Problem details: Using the entries below, copy exactly each line from the line with "Refurbished επαγγελματικό laptop" up to and including the line with "Grau Gebraucht 2018", with every picture left out.

(Crawled caption data)
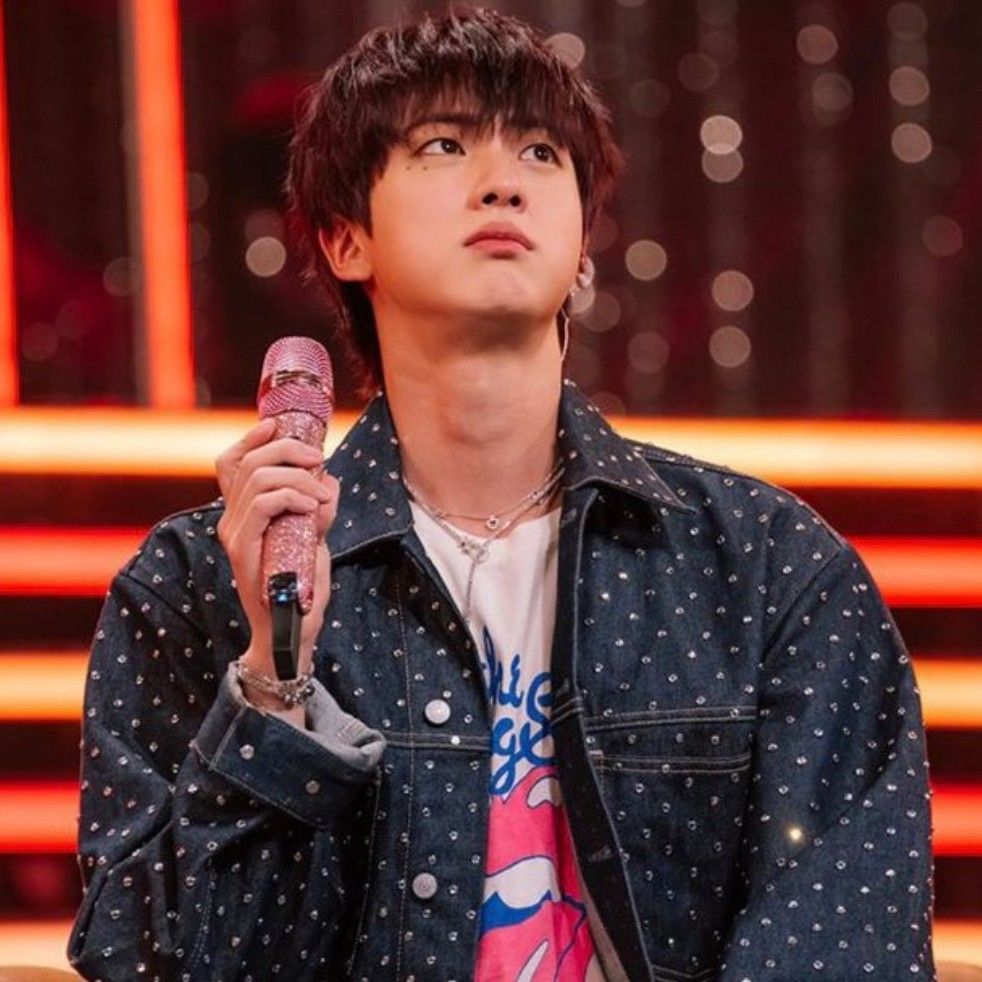 Behind-the-scenes cut of Jin (BTS)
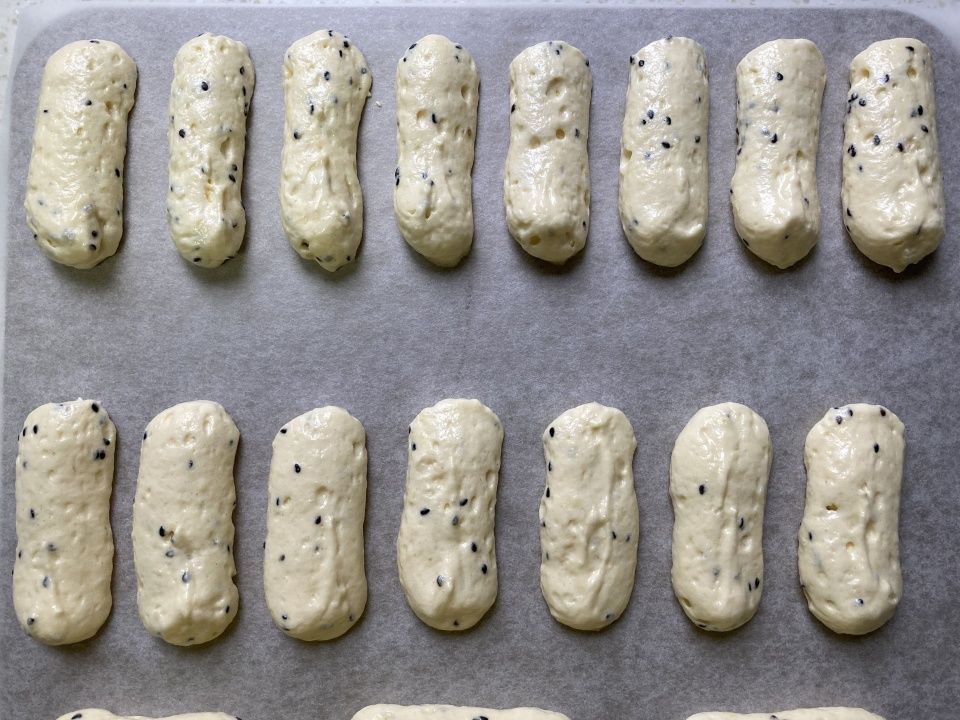 最近孩子迷上了这小饼,不加一滴水不加一滴油,酥脆可口,太香了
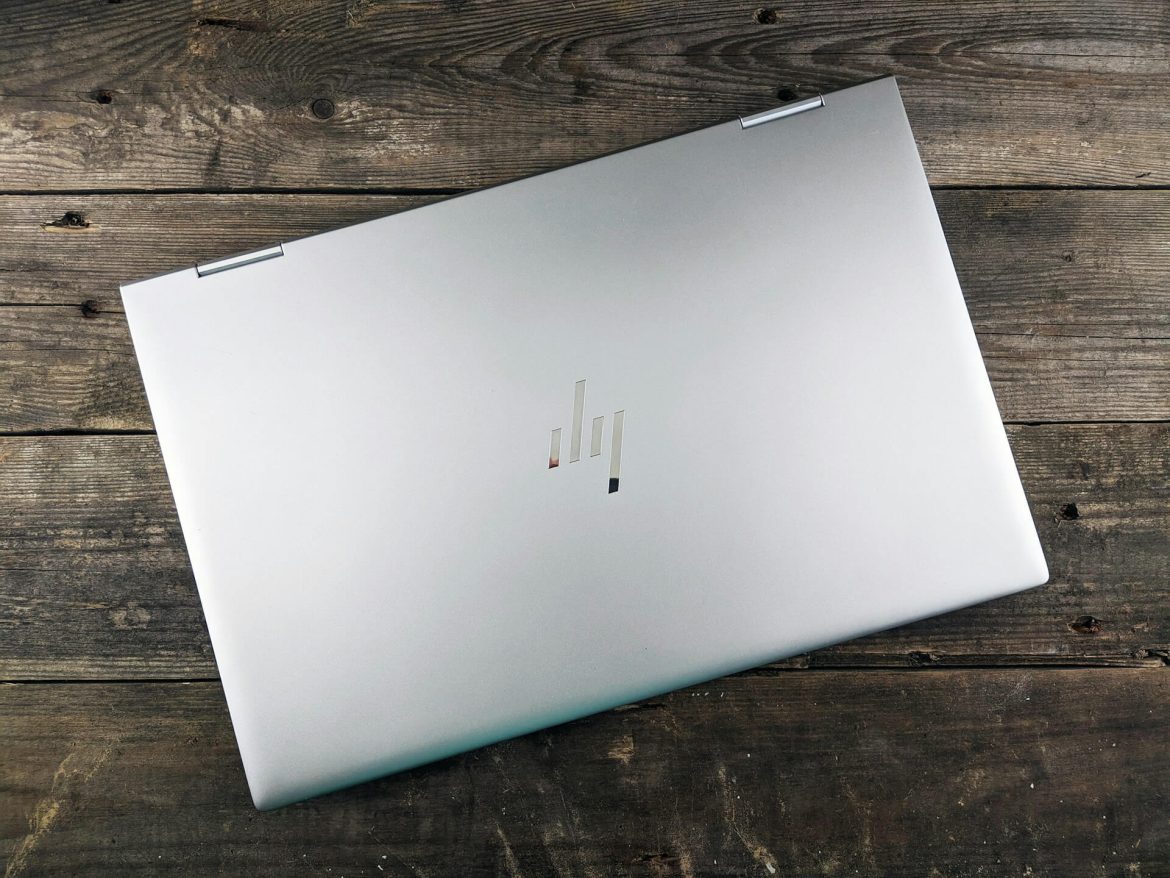 Refurbished επαγγελματικό laptop σε καθαρό γραφείο – Η αξιόπιστη επιλογή του 2025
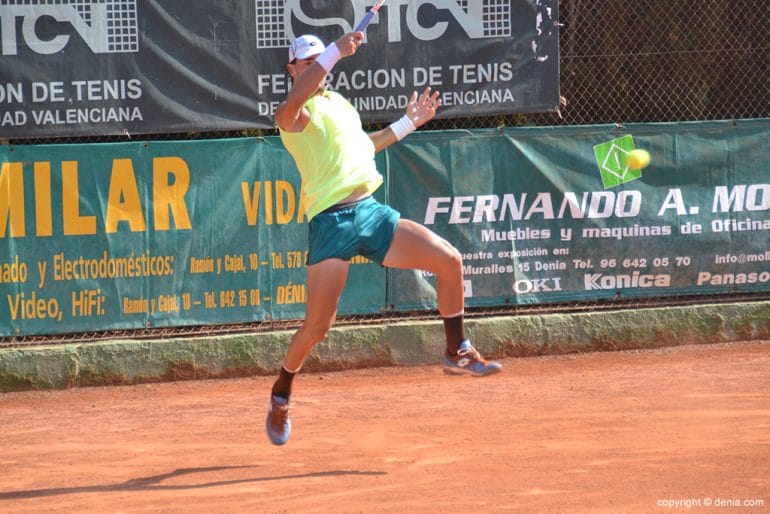 Vullent Tashi dando una derecha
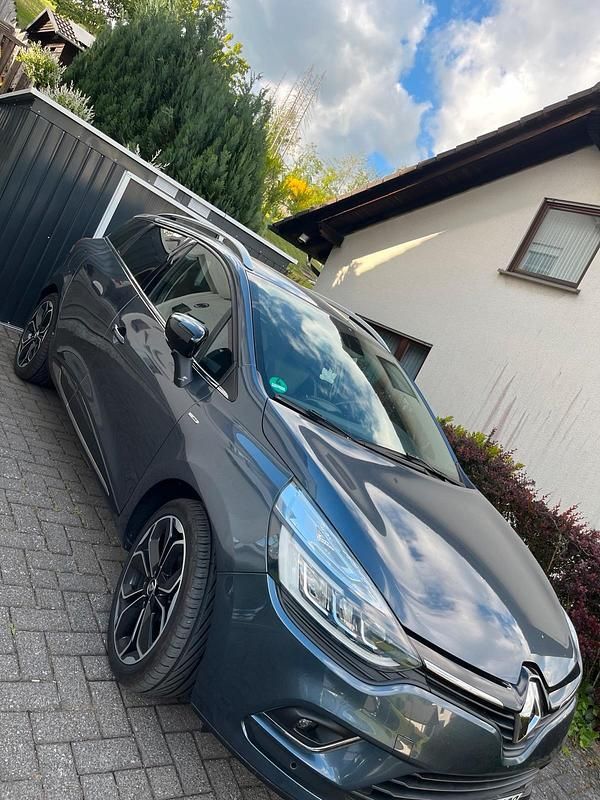 Grau Gebraucht 2018 Renault Clio GrandTour Bose Edition Kombi | 10.199 € (Fairer Preis) - Bild 1/4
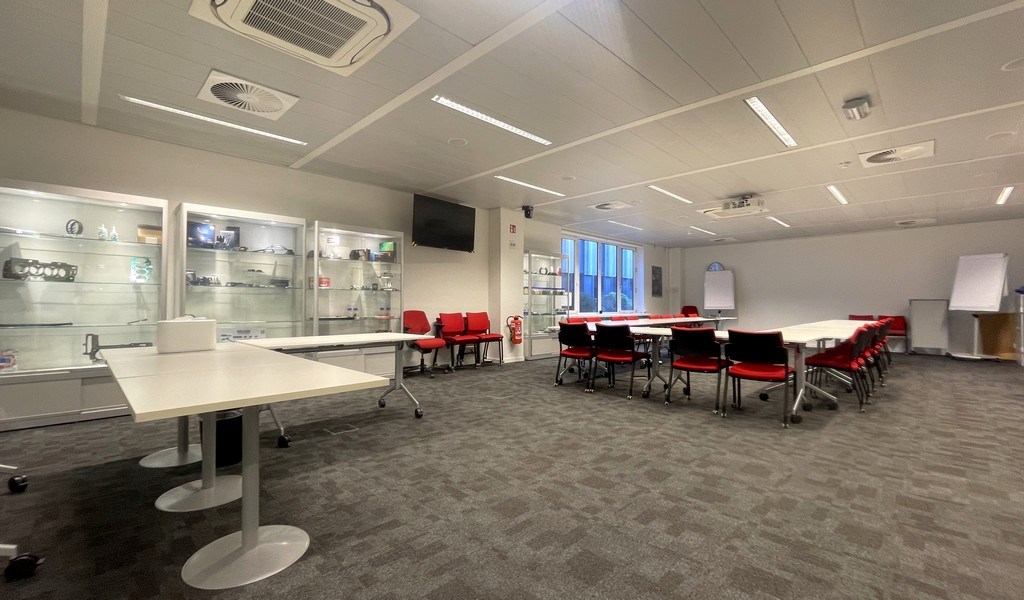 Instapklare kantoren te huur vlakbij E19 in Kontich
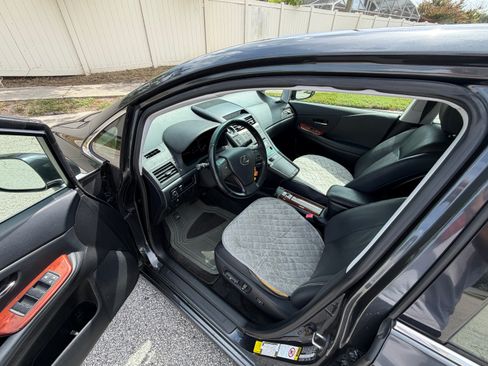 Used 2011 Lexus HS 250h FWD image 6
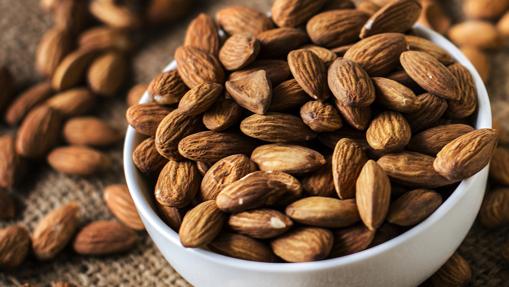 La almendra contiene un 20% de proteínas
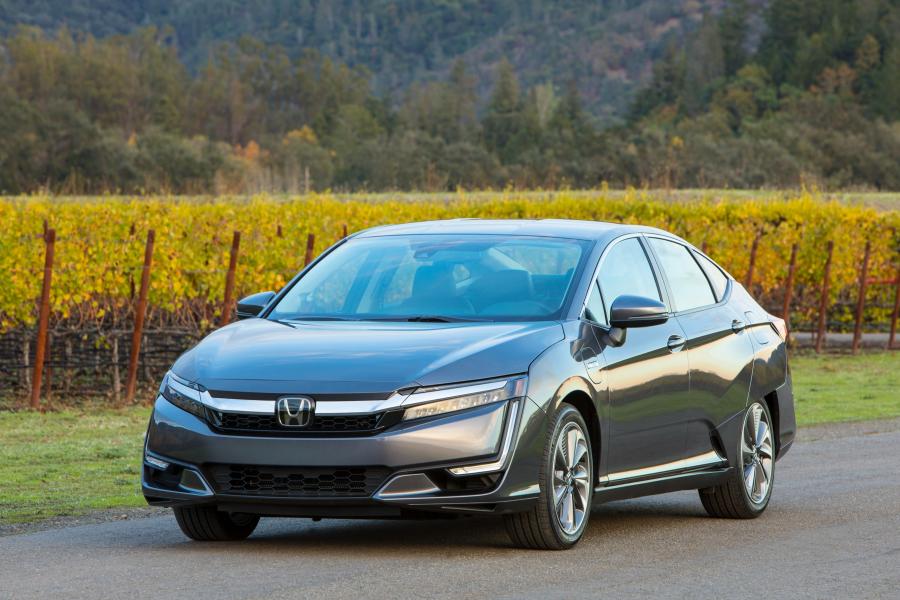  Honda Clarity Plug-In Hybrid 2017 года  (NA) (фото 35 из 84)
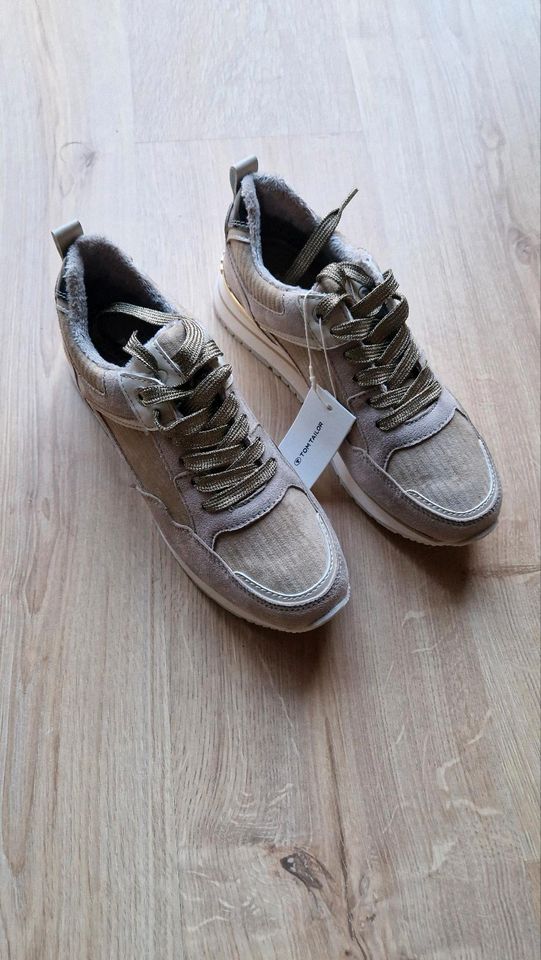 Ganz neue Sneaker von Tom Tailor, leicht gefüttert Größe 38 in Hattersheim am Main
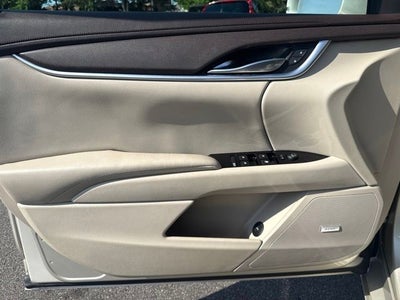 2014 Cadillac XTS Base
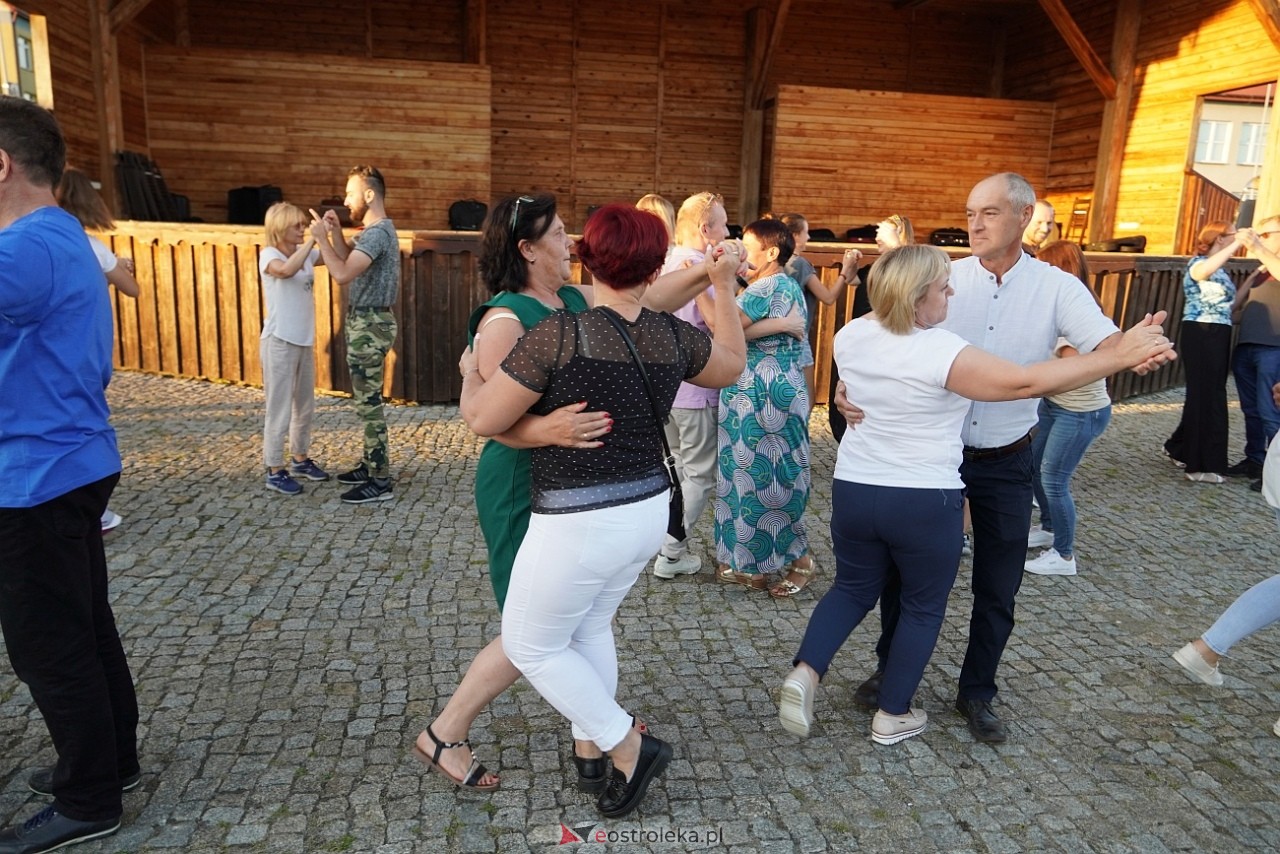 W Myszyńcu bili rekord we wspólnym wykonaniu Starej Babki [14.08.2024] - zdjęcie #46 - eOstroleka.pl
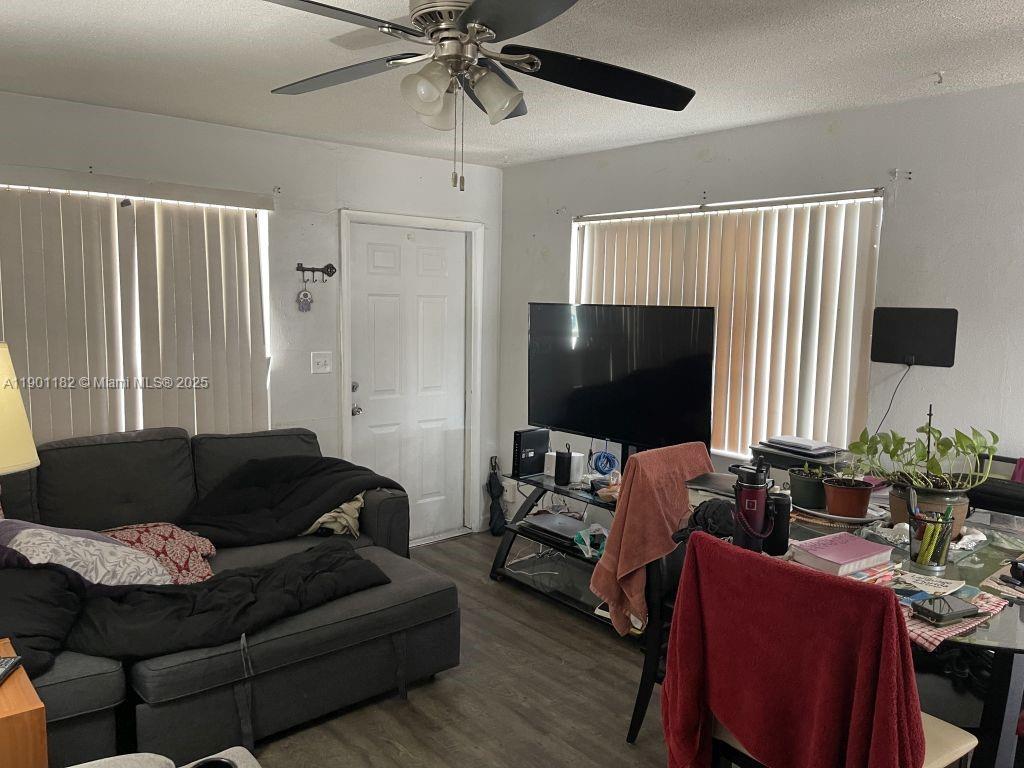 Ver detalles   /  1704 sq. ft. $ 2025-10-22 0 foto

Result for this task:
 Refurbished επαγγελματικό laptop σε καθαρό γραφείο – Η αξιόπιστη επιλογή του 2025
 Vullent Tashi dando una derecha
 Grau Gebraucht 2018 Renault Clio GrandTour Bose Edition Kombi | 10.199 € (Fairer Preis) - Bild 1/4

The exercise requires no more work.